For the entries below, the result should be an exact transcription of the lines from the one with "Cozy bedroom with" up to and including the one with "Plan détaillé d'une", and only those.
---------- Available records
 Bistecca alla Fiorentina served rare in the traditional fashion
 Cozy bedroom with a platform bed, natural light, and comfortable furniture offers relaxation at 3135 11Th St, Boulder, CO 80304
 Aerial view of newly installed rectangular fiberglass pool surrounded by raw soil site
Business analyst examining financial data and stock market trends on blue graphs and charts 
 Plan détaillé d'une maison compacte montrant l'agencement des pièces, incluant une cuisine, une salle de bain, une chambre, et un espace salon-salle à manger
--------------------
---------- Available records
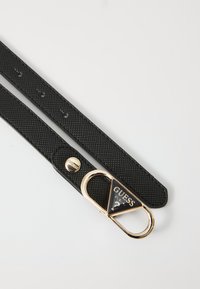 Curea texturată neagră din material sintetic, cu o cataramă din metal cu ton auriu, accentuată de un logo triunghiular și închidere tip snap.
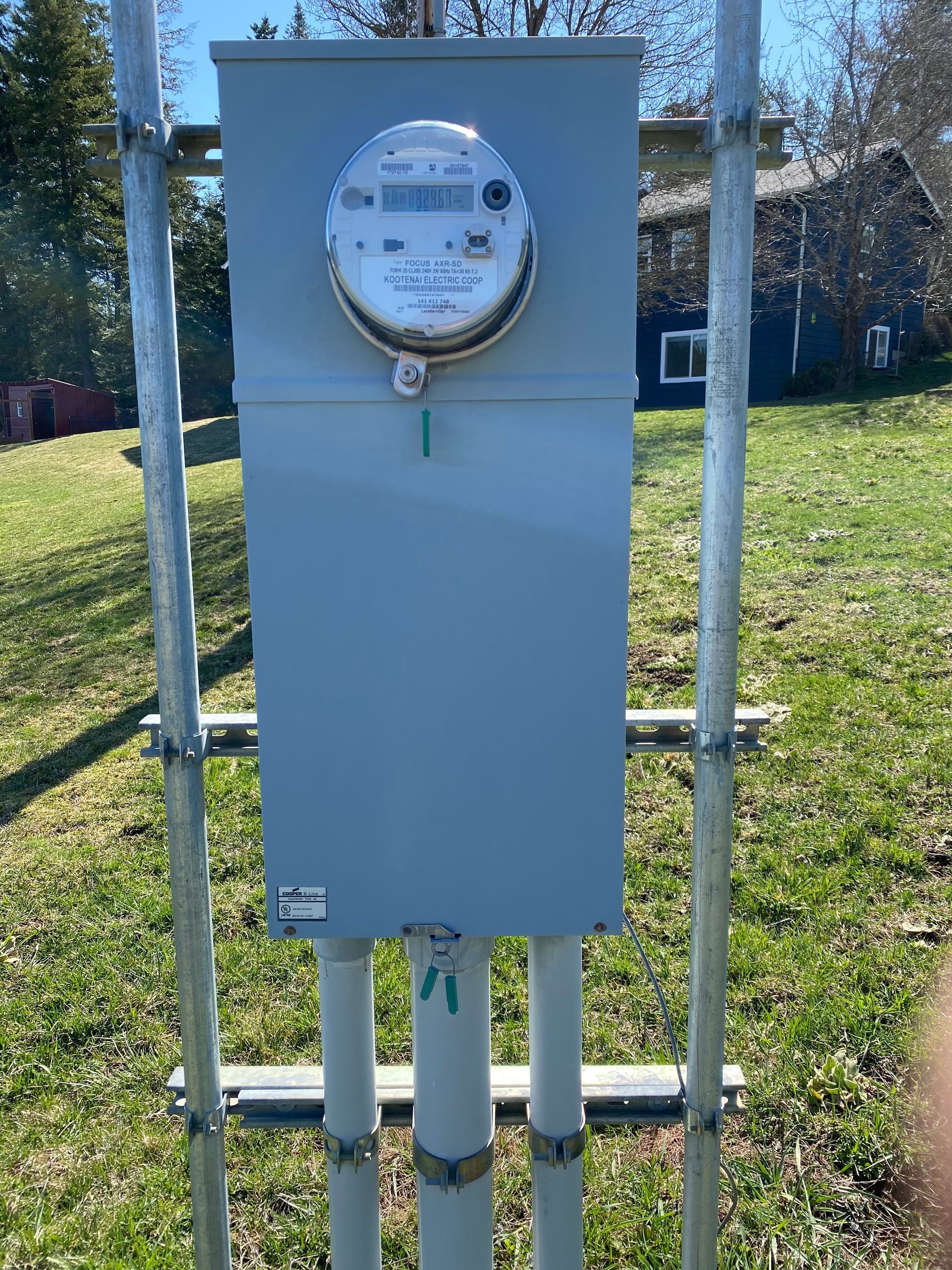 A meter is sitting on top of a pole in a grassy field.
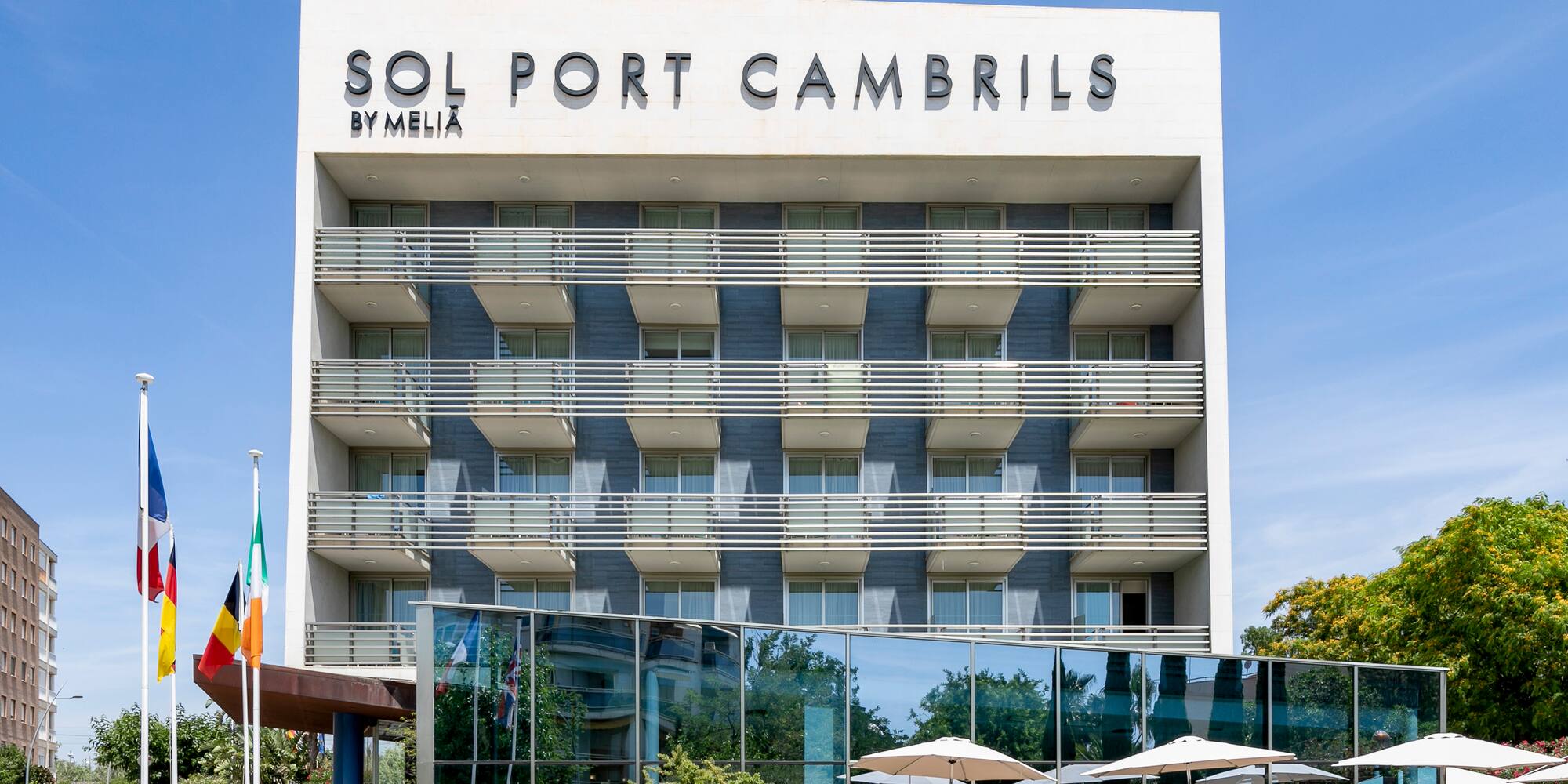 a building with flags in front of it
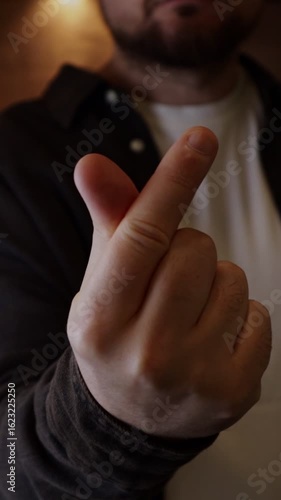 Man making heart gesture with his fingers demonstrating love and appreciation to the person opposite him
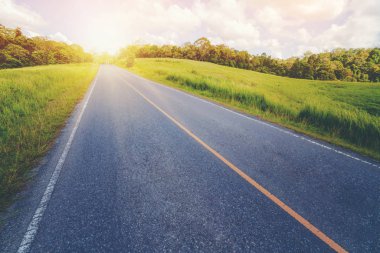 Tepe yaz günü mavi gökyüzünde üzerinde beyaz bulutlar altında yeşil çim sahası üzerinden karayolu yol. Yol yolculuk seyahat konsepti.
--------------------
Answer box ->
 Cozy bedroom with a platform bed, natural light, and comfortable furniture offers relaxation at 3135 11Th St, Boulder, CO 80304
 Aerial view of newly installed rectangular fiberglass pool surrounded by raw soil site
Business analyst examining financial data and stock market trends on blue graphs and charts 
 Plan détaillé d'une maison compacte montrant l'agencement des pièces, incluant une cuisine, une salle de bain, une chambre, et un espace salon-salle à manger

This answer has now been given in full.